Crown Point Press represents local favorite Tom Marioni, a major figure in the city’s art world and a leading proponent of ’70s conceptualism—but there’s a long list of artists who travel by invitation from Europe, Japan, and all over the United States to work in Crown Point’s prestigious etching studios and exhibit in the adjoining gallery. Highlights from FOG Design+Art include Ed Ruscha’s Motor City, depicting vintage car emblems; John Chiara’s fog-filled city landscapes made with a homemade, flatbed trailer-sized camera; and Robert Bechtle’s watercolor monotypes of Arkansas Street, depicting his everyday surroundings in California.
Stop into Altman Siegel Gallery today, and find Los Angeles-based painter Laeh Glenn’s “Ordinary Objects” throughout the space. Or think back to fall’s Frieze London, where a solo booth by Trevor Paglen featured a prototype for a spacecraft—a sculpture designed to launch into orbit. Since the gallery opened in 2009, Altman Siegel has featured both emerging and established artists; among them both internationally recognized museum-level artists and significant Bay Area artists that the gallery has discovered. At FOG Design+Art, Sara VanDerBeek’s Roman Women will be in the company of a triple threat by Will Rogan: a wooden-and-brass sculpture, a black-and-white diptych, and a mobile made from glass, brass, wood, paint, and string.

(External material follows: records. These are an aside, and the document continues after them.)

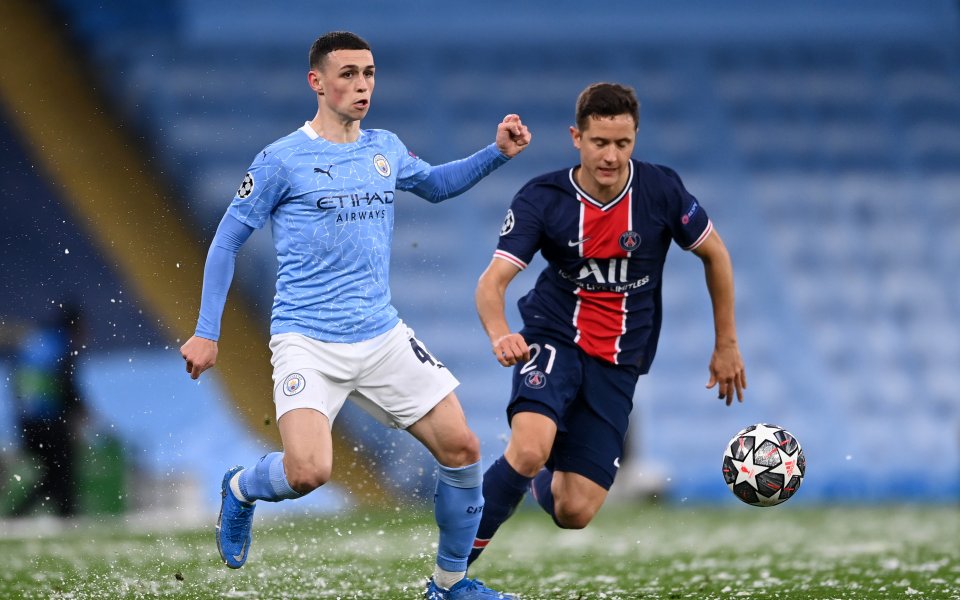 Манчестър Сити и Пари Сен Жермен играят при резултат 2:0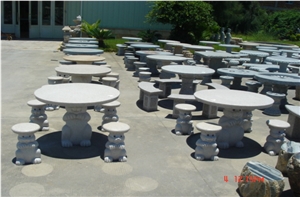 Garden Stone Table and Bench, Natural Stone Grey Granite Bench & Table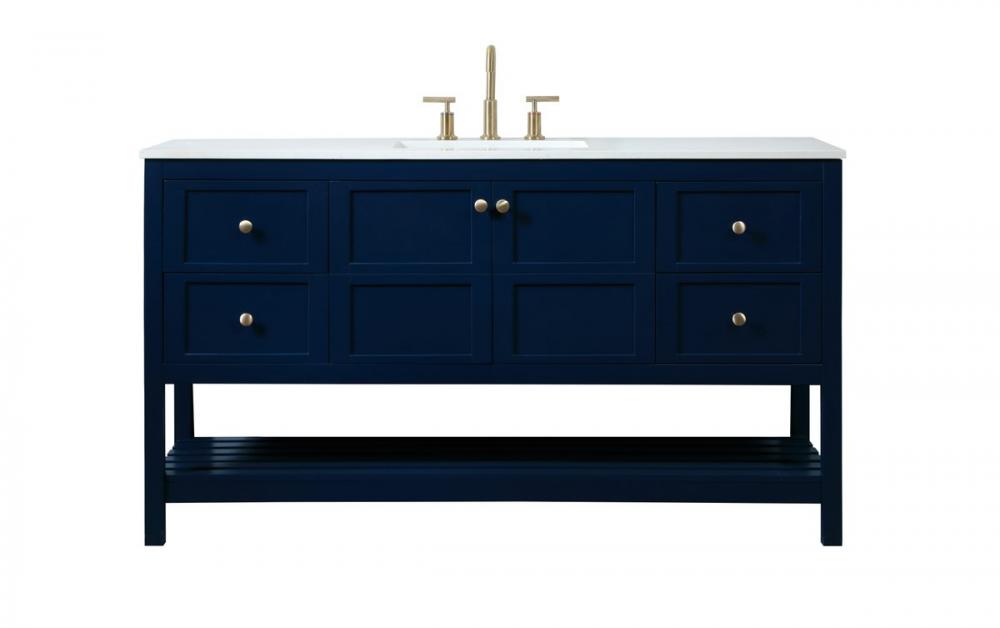 60 inch Single bathroom vanity in blue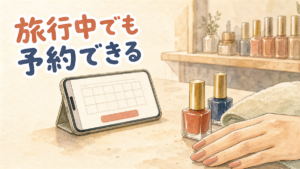 ネイルサロンの施術台に置かれた仕上がった手元と、予約画面を表示したスマートフォンのイラスト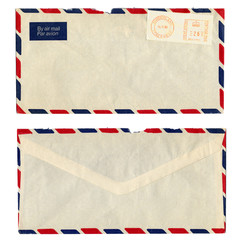 Airmail letter with UK postage meter stamp - obrazy, fototapety, plakaty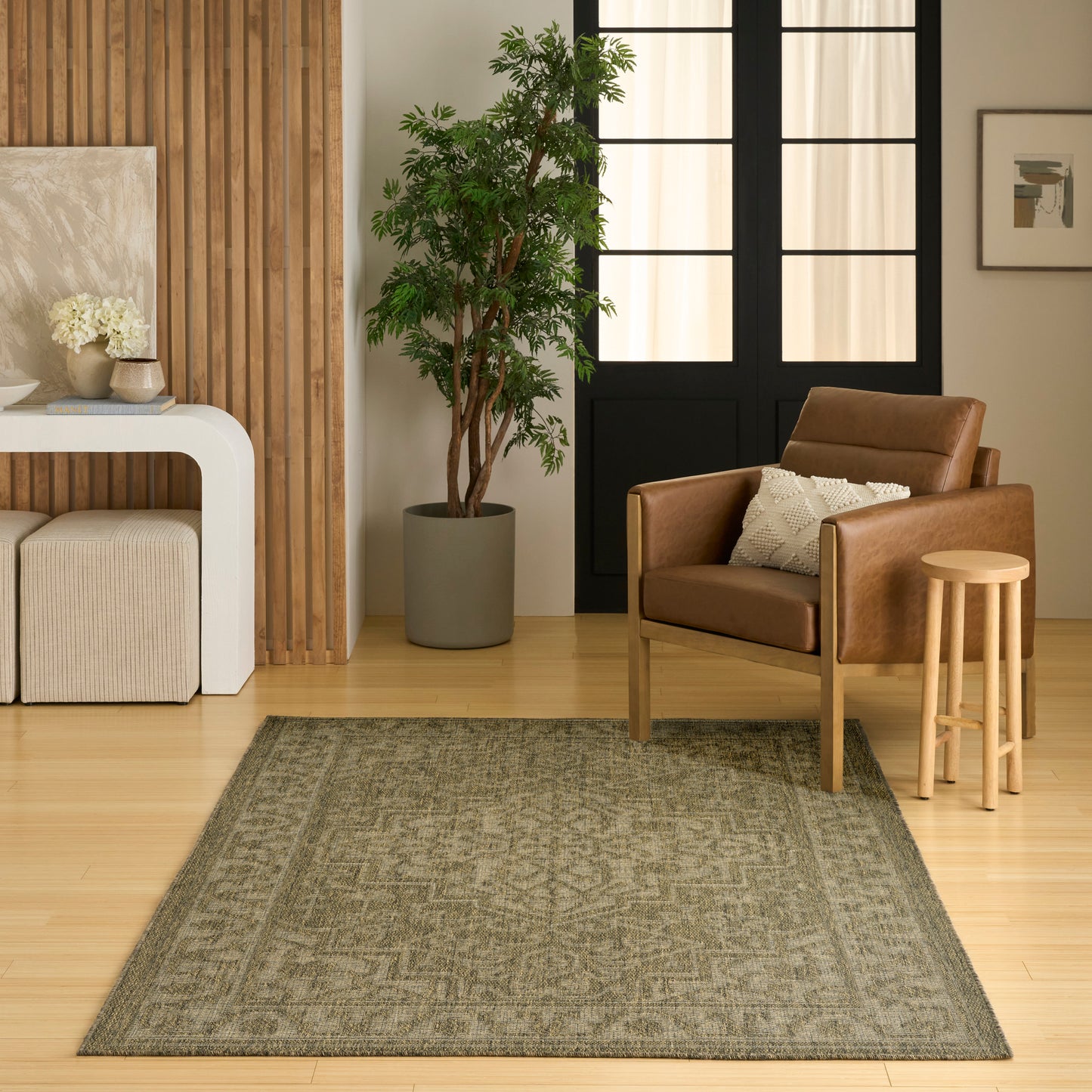 Nourison Tulum 6' x 9' Olive Outdoor Rug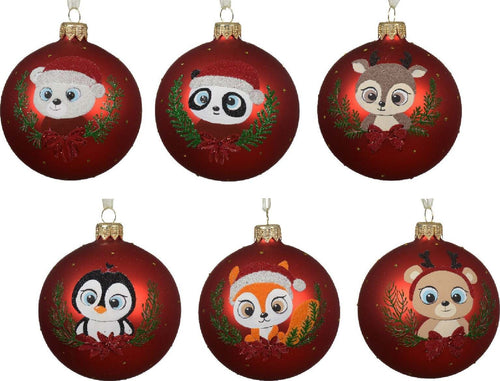 Palline-per-albero-di-Natale-in-vetro-decorato-rosso-con-animali-da-Ø-8-cm,-6-pezzi
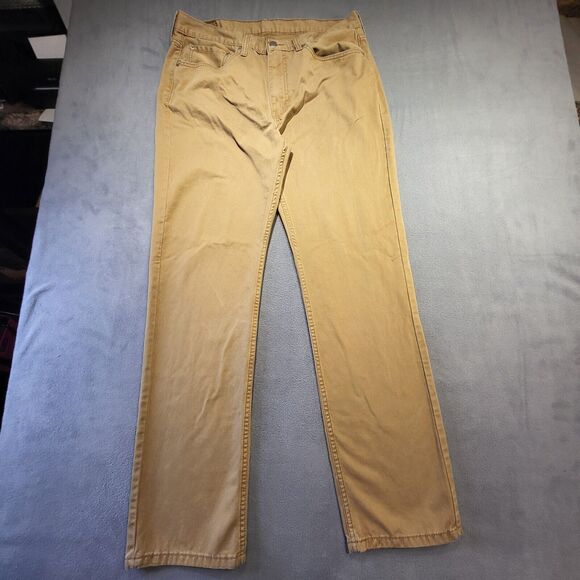 Levis 514 Jeans Mens 36x33 Regular Straight Tan Twill Pants Cotton Work - Picture 1 of 11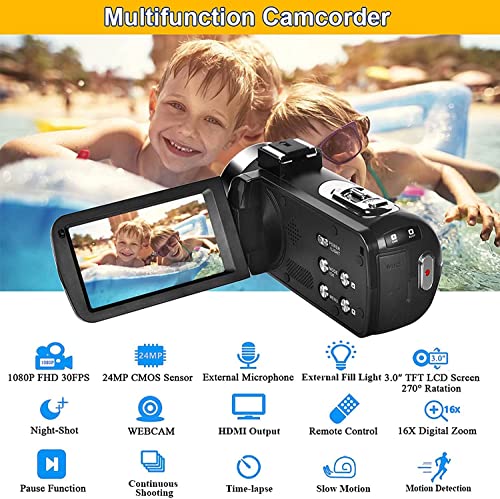 Seree Video Camera Camcorder Full HD 1080P 30FPS 24.0 MP IR Night Vision Vlogging Camera Recorder 3.0 Inch IPS Screen 16X Zoom Camcorders Camera Remote Control with 2 Batteries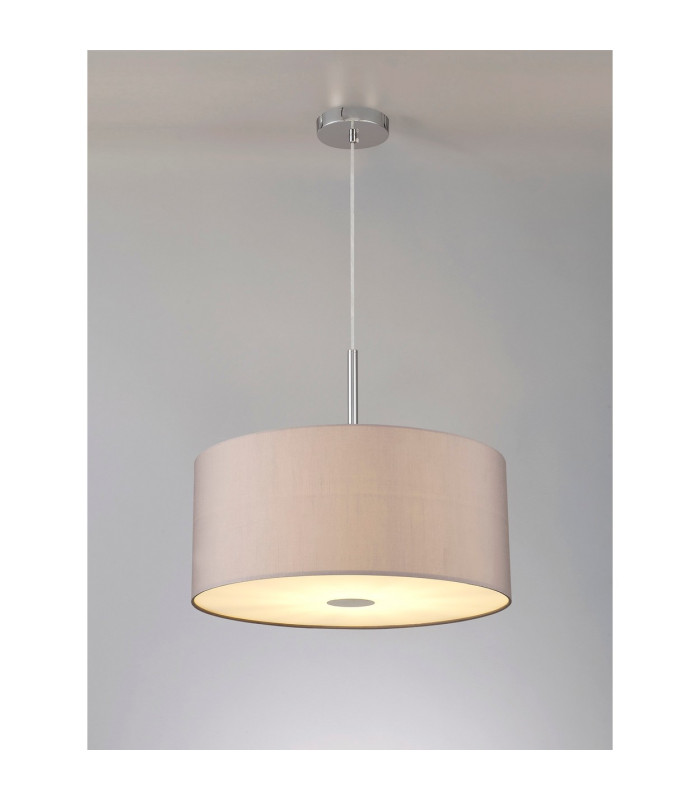 Baymont Polished Chrome 3 Light E27 Single Pendant With 50cm x 20cm Faux Silk Shade Grey/White Laminate-2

In San Francisco’s Mission District, you’ll find contemporary art gallery Ratio 3—a sprawling 5,000 square foot ground-floor exhibition space founded in 2004 by Chris Perez. Since the gallery’s beginnings in a small room in a Victorian apartment in San Francisco, its core group of artists has grown from names like Ryan McGinley and Ara Peterson to include new artists like Miriam Böhm and Buck Ellison. On the heels of Art Basel in Miami Beach, where the gallery showed work by Barry McGee (a frontrunner of San Francisco’s ’90s bohemian “Mission School”) Ratio 3 presents a monochrome booth housing black-and-white, ink on paper drawings by French collaborative duo Mrzyk & Moriceau, depicting contemporary visual culture in a provocative, humorous, and meticulously detailed way.
Since 2008, Jessica Silverman Gallery has built a strong presence in the San Francisco—and of course international—art scenes. After a November move to a 2,800 square-foot space in the city’s Tenderloin neighborhood, the gallery begins the new year in a ground floor, corner space four times the size of it’s previous location. Known for discovering emerging and mid-career artists, there’s little surprise that the gallery’s booth was the talk of NADA Miami (a fair highly regarded for offering new and undiscovered work) and again, their booth draws attention at FOG Design+Art. At the San Francisco fair, fall under the spell of James Collins’ optical, abstract paintings, whose ridged surfaces were made using oil, household paint, and a comb-like tool that was moved across linen, and don’t miss Julian Hoeber’s alluring carved cave paintings.